Here is part of my very first post here on TAM over a year ago, before I found out about my wifes affair. I was writing about feeling unappreciated and discussing my wife and kids attitudes towards me. This is what I wrote about my then 4 year old daughter.....

*Daughter:
This one kills me. She is 4 and my entire world. I do everything I can to be a good dad and show her my love. She seems to have inherited her mothers "lack of affection" gene. She will tell her mother she loves her all the time, and nothing to me. She will give her mother kisses and when I ask what about daddy, shes like "aww fine" and gives me a guilt kiss. I know shes 4 and doesnt understand what shes doing but it still hurts.*

Today, shes the total opposite, just like my wife is. She is always drawing pictures of her and I and writing I love you Daddy on it. She is always hugging me and wants to be around me, giving me kisses all the time. The best part is the random "I love you daddy" that I get all the time.

So like others have said, kids totally pick up on the vibe you and your wife are putting out. If your wife wont change her attitude, I suggest spending as much quality time with your son as possible. He will respond.


----------



## SpinDaddy (Nov 12, 2012)

*Howdy O-One-Eleven:*

Organizations such as your church, (or any church for that matter) YMCA, the Boys and Girls Club, and etc. offer numerous programs and opportunities to engage you child in outdoor camping and development programs. Often times, these take place in formal “camp facilities” run by the organization and will provide for experiences like shooting a .22, zip lining, hiking, fishing, horseback riding and etc.

The first 7-years are absolutely critical in a child’s development and experiences like these are foundational not only in development of your child’s character and attitude but also in your parent/child relationship – it may even foster your marital relationship. 

I’d encourage you to jump on these ASAP, it will not only strengthen your relationship with your son, but it will foster and direct him in his growth and development and it may ultimately help your relationship with your wife as well.

*You’ve got nothing to loose on this one!*


----------



## Miss Taken (Aug 18, 2012)

The best things to do with your kid is to show interest in the things they like - not necessarily the things that you like. You mentioned golf. That's fine because he'll enjoy the time spent together but it's probably not the first thing on his list of interests right now.

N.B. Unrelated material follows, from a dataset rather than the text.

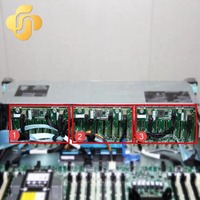 826691-B21 871388-001 766957-001 DL38X Gen10 SFF Box1/2 Käfig/Backplane HDD Server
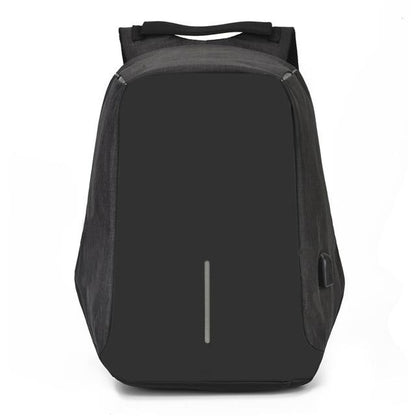 Sac de Voyage pour Ordinateur Portable Travel Light Noir – vue 2 – Yokabag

I don't really like Xbox games all that much. However, knocking out an hour with my son is time-well spent. His listening is better, he seems happier afterwards and all around closer to me than when I just let him play by himself. 

When he was into bugs, we went around and collected them in the woods or even in the yard. He is interested in dogs so we watch videos about dog breeds, borrowed books from the library, went to the shelter and walked the dogs etc.

He likes swimming, basketball, and soccer - same thing, go to the park and shoot hoops and kick a ball around. Go to the pool and go swimming.

Hot wheels car tracks, legos, forts, comic books are good for rainy days. Outside, camping, fishing, hiking, building stuff together and actually letting him use tools are good.


----------